**EXTRACTED DATA**
——————

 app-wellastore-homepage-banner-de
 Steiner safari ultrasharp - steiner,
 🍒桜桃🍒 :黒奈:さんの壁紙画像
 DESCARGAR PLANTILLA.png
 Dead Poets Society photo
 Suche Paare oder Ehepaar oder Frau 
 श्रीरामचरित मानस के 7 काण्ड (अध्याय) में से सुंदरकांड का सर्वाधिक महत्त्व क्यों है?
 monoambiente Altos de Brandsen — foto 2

——————

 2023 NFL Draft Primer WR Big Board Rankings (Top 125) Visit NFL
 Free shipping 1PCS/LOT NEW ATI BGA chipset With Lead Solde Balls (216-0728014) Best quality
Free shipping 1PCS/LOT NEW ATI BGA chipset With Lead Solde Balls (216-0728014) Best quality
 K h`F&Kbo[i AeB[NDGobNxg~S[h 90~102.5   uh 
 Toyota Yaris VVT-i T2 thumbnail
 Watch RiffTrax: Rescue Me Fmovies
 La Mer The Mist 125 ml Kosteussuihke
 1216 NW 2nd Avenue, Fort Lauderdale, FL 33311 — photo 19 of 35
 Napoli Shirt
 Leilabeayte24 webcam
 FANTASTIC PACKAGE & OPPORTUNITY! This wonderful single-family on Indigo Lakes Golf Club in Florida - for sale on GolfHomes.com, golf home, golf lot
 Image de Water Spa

——————

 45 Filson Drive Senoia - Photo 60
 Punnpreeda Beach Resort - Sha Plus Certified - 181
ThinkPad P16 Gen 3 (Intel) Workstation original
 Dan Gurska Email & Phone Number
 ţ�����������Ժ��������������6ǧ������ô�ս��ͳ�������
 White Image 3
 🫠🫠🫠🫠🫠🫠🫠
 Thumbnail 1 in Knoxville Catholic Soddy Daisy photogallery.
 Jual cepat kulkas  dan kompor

——————

**DESCRIPTION OF THE TASK**
Using the data above, reproduce exactly the lines from the line that contains "Dan Gurska Email & Phone Number" through the line that contains "Jual cepat kulkas", including both.

**ANSWER**
 Dan Gurska Email & Phone Number
 ţ�����������Ժ��������������6ǧ������ô�ս��ͳ�������
 White Image 3
 🫠🫠🫠🫠🫠🫠🫠
 Thumbnail 1 in Knoxville Catholic Soddy Daisy photogallery.
 Jual cepat kulkas  dan kompor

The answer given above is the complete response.